_Activity_. Leave out the pictures and print the records below exactly.
━━━━━━━━━━━━━━━━━━━━
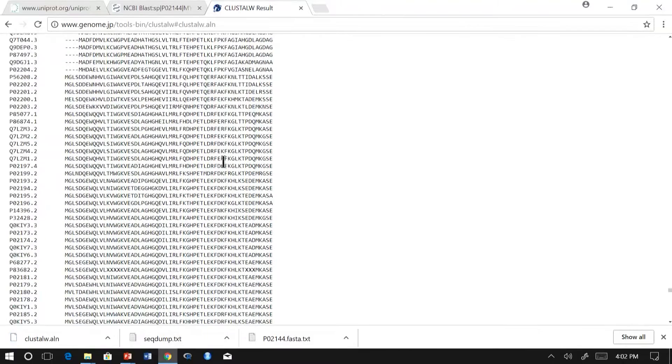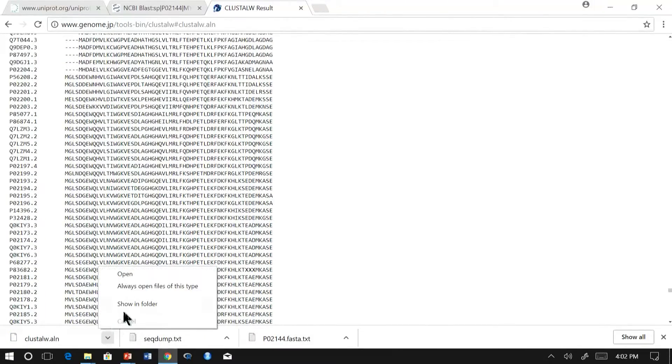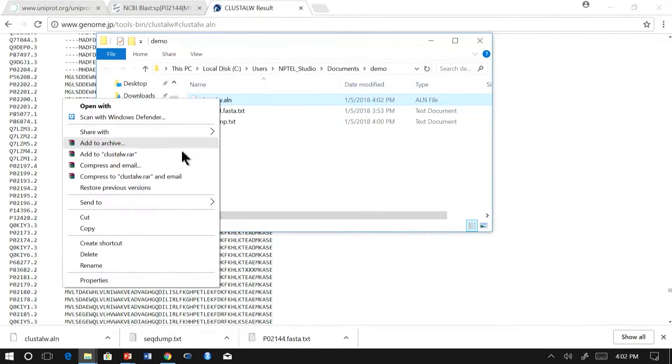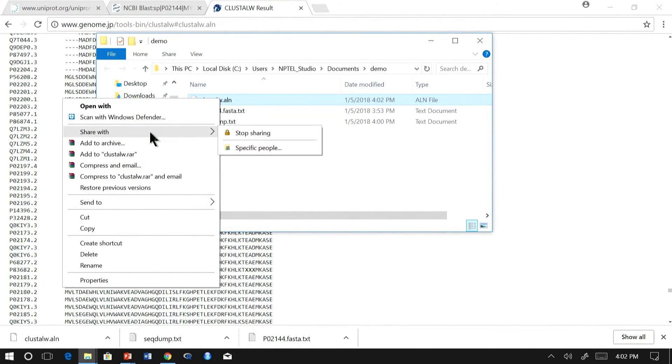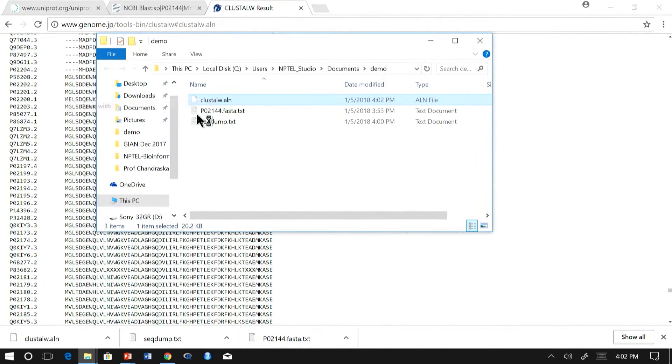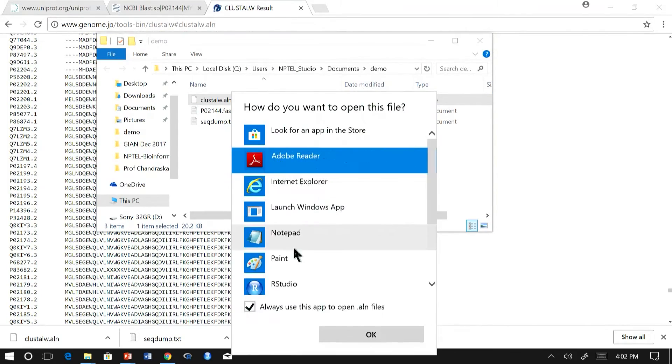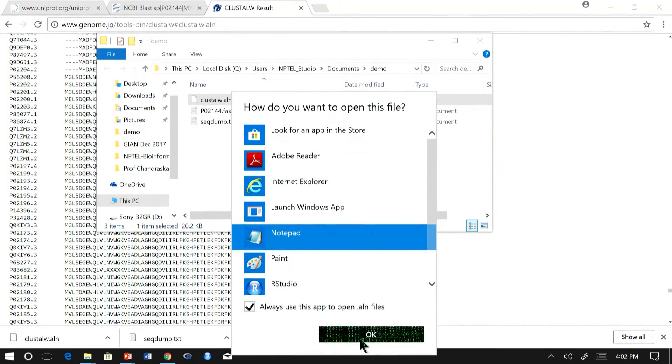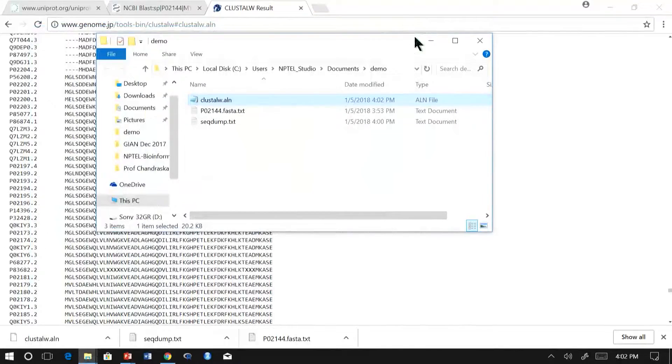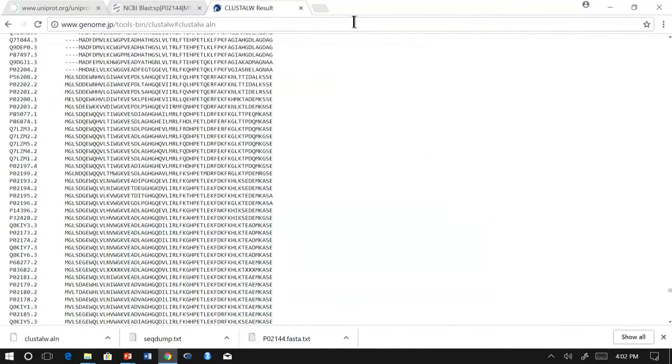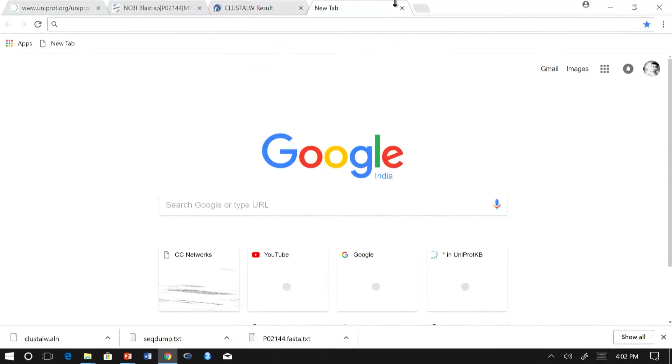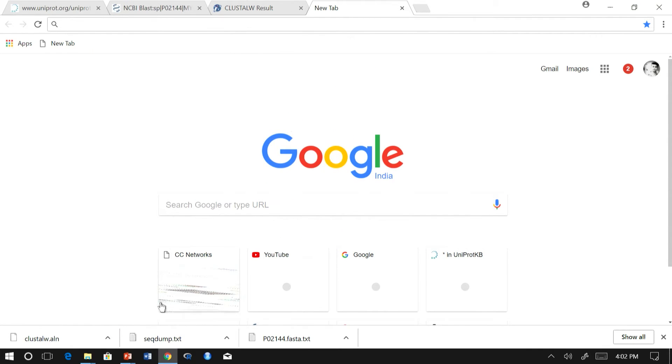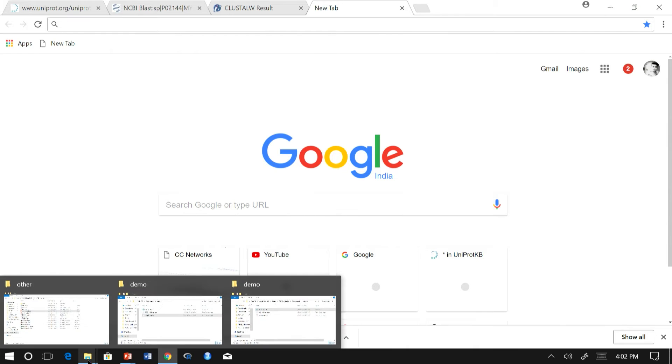Now we have got the alignment, multiple sequence alignment. We will use AL2CO to obtain the conservation score.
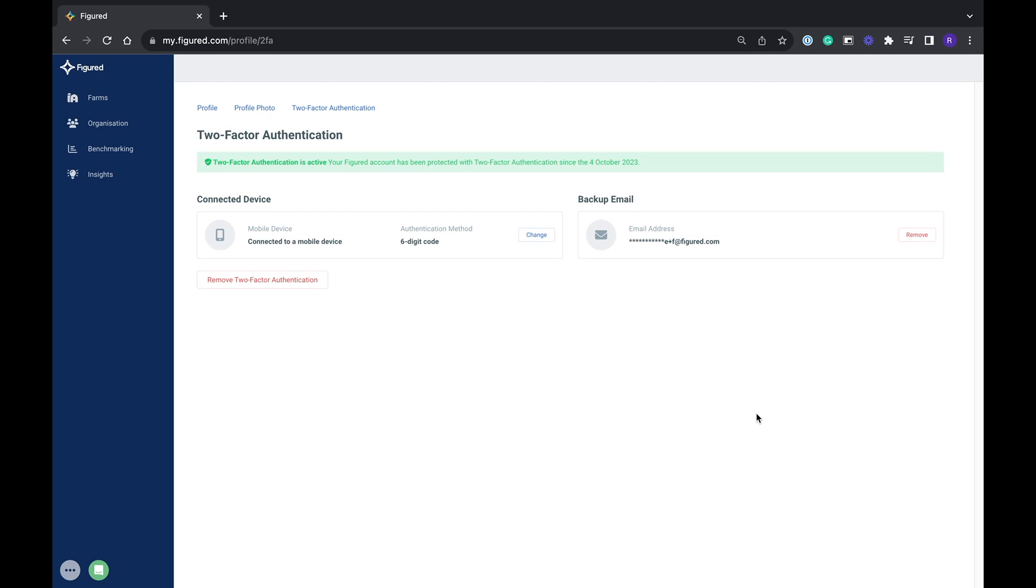You have now set up 2FA. If you have any trouble or questions please reach out to one of us in the CS team. We're always happy to help. Cheers!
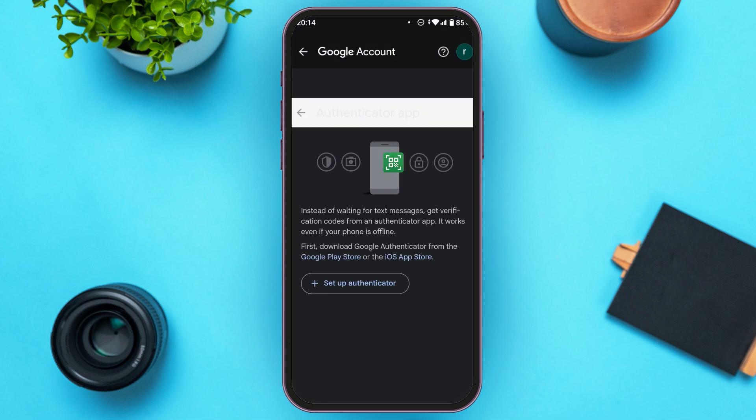Now you'll be led to this kind of interface. You can see the option for Setup Authenticator over here. All you have to do is tap on it.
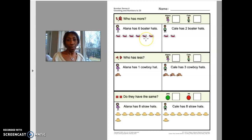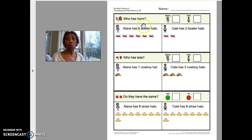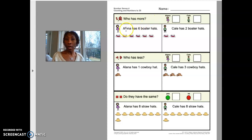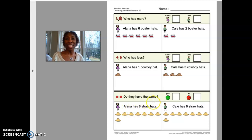With this assignment, you will look at three questions. The first question asks: who has more? You're going to count the objects for each person, compare those two, then put a check mark by the answer. Once you have answered who has more, who has less, and do they have the same, you are done.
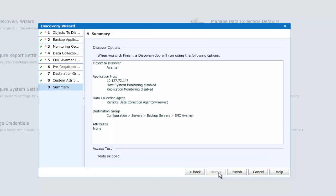A summary screen is then presented, covering the selections we have made, and we can click Finish.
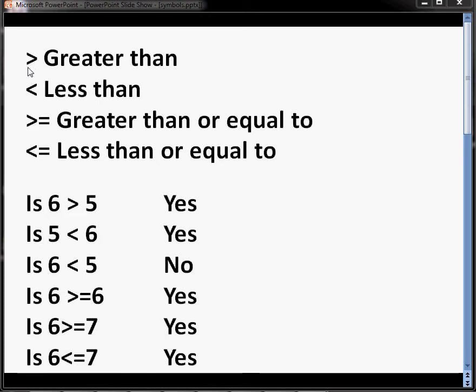They're generally the V on its side, the crocodile's mouth, the arrow, whatever you want to call them. If the crocodile's mouth, its open part of its mouth, is pointing to the left, that is the greater than symbol. So the opposite one is the less than.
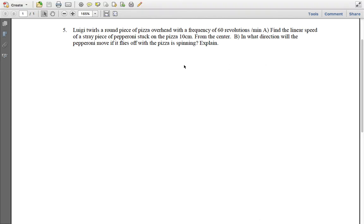Okay, so next one we got, we have 60 revolutions per minute. Again, we got to convert these to seconds, and I give you centimeters also, you got to convert those to meters.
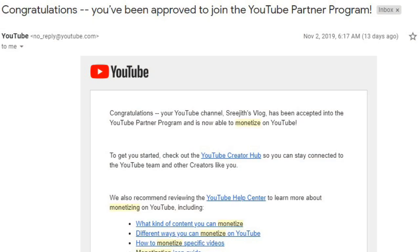Once I crossed my watch hours, my channel was automatically submitted for review. After crossing the watch hours, I received an email in November — that was November 2nd. On November 1st, I submitted my channel for review. On November 2nd, I received an email from YouTube about my channel. The review process can take around one to two months.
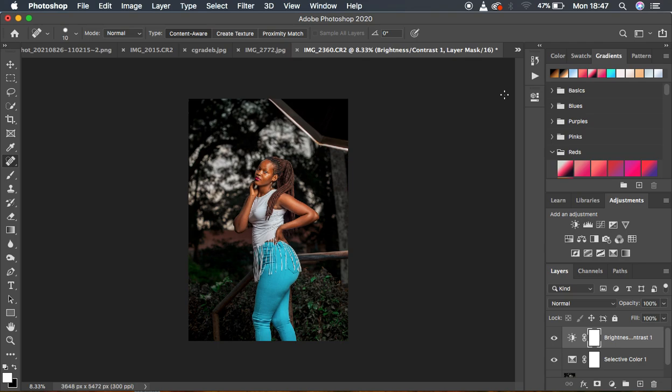That's all for today's tutorial. If you loved this, don't forget to like the video and subscribe to the channel. This is Ronics from Ronics Photography — I'll see you in the next one. Keep color grading and keep creating!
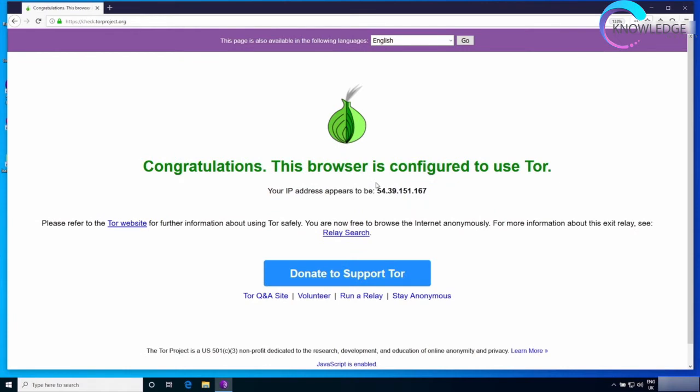Now that we know how to install the Tor browser and how to access the Tor network even if Tor is blocked, let's have a quick overview on how to use this browser and how to configure its settings for maximum security and anonymity.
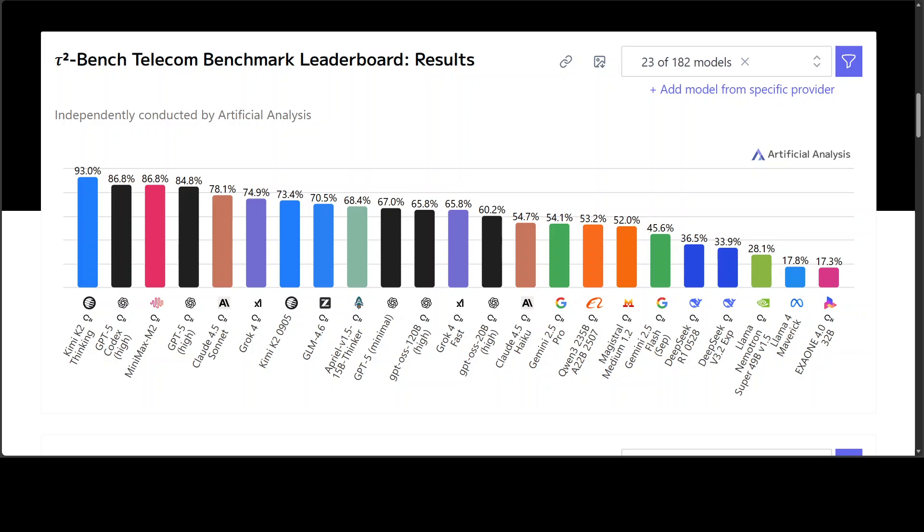That's correct - it has already outperformed GPT-5 Codex, Claude 4.5 Sonnet from Anthropic, and Google's Gemini 2.5 Pro on the Tau 2 Bench Telecom test. So today let's unpack what that really means, not just technically but geopolitically.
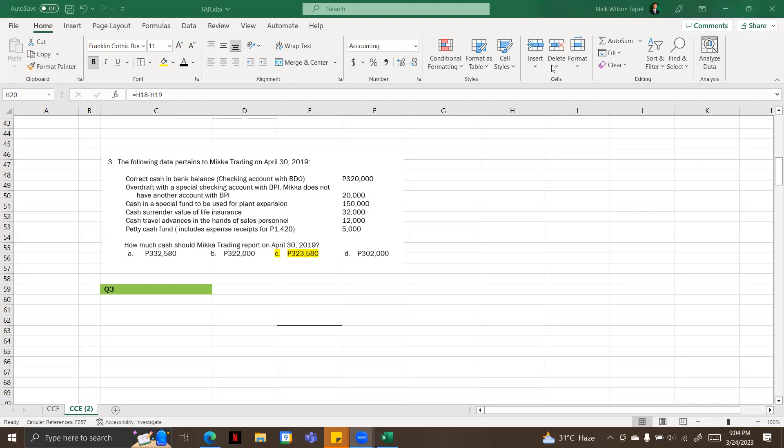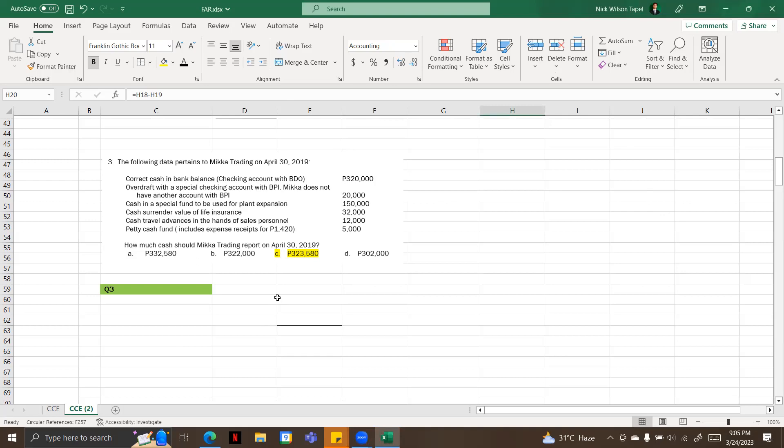Cash in bank balance checking account with BDO is 320,000. Overdraft with a special checking account with BPI, Mica does not have another account with BPI, 20,000. Cash in a special fund to be used for planned expansion, 150,000. Cash surrender value of life insurance, 32,000. Cash travel advances in the hands of sales personnel, 12,000. And petty cash fund includes expense receipts for 1,420, 5,000.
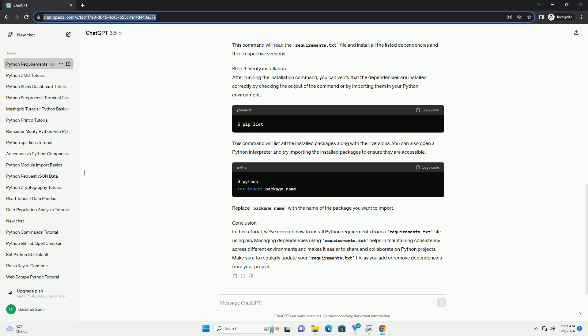Conclusion: In this tutorial, we've covered how to install Python requirements from a requirements.txt file using pip. Managing dependencies using requirements.txt helps in maintaining consistency across different environments and makes it easier to share and collaborate on Python projects. Make sure to regularly update your requirements.txt file as you add or remove dependencies from your project.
━━━━━━━━━━━━━━━━━━━━
_Result for this task_.
Now we have got the alignment, multiple sequence alignment. We will use AL2CO to obtain the conservation score.
You have now set up 2FA. If you have any trouble or questions please reach out to one of us in the CS team. We're always happy to help. Cheers!
Now you'll be led to this kind of interface. You can see the option for Setup Authenticator over here. All you have to do is tap on it.
With this assignment, you will look at three questions. The first question asks: who has more? You're going to count the objects for each person, compare those two, then put a check mark by the answer. Once you have answered who has more, who has less, and do they have the same, you are done.
A summary screen is then presented, covering the selections we have made, and we can click Finish.
They're generally the V on its side, the crocodile's mouth, the arrow, whatever you want to call them. If the crocodile's mouth, its open part of its mouth, is pointing to the left, that is the greater than symbol. So the opposite one is the less than.
Okay, so next one we got, we have 60 revolutions per minute. Again, we got to convert these to seconds, and I give you centimeters also, you got to convert those to meters.
Once I crossed my watch hours, my channel was automatically submitted for review. After crossing the watch hours, I received an email in November — that was November 2nd. On November 1st, I submitted my channel for review. On November 2nd, I received an email from YouTube about my channel. The review process can take around one to two months.
That's all for today's tutorial. If you loved this, don't forget to like the video and subscribe to the channel. This is Ronics from Ronics Photography — I'll see you in the next one. Keep color grading and keep creating!
Now that we know how to install the Tor browser and how to access the Tor network even if Tor is blocked, let's have a quick overview on how to use this browser and how to configure its settings for maximum security and anonymity.
That's correct - it has already outperformed GPT-5 Codex, Claude 4.5 Sonnet from Anthropic, and Google's Gemini 2.5 Pro on the Tau 2 Bench Telecom test. So today let's unpack what that really means, not just technically but geopolitically.
Cash in bank balance checking account with BDO is 320,000. Overdraft with a special checking account with BPI, Mica does not have another account with BPI, 20,000. Cash in a special fund to be used for planned expansion, 150,000. Cash surrender value of life insurance, 32,000. Cash travel advances in the hands of sales personnel, 12,000. And petty cash fund includes expense receipts for 1,420, 5,000.
Conclusion: In this tutorial, we've covered how to install Python requirements from a requirements.txt file using pip. Managing dependencies using requirements.txt helps in maintaining consistency across different environments and makes it easier to share and collaborate on Python projects. Make sure to regularly update your requirements.txt file as you add or remove dependencies from your project.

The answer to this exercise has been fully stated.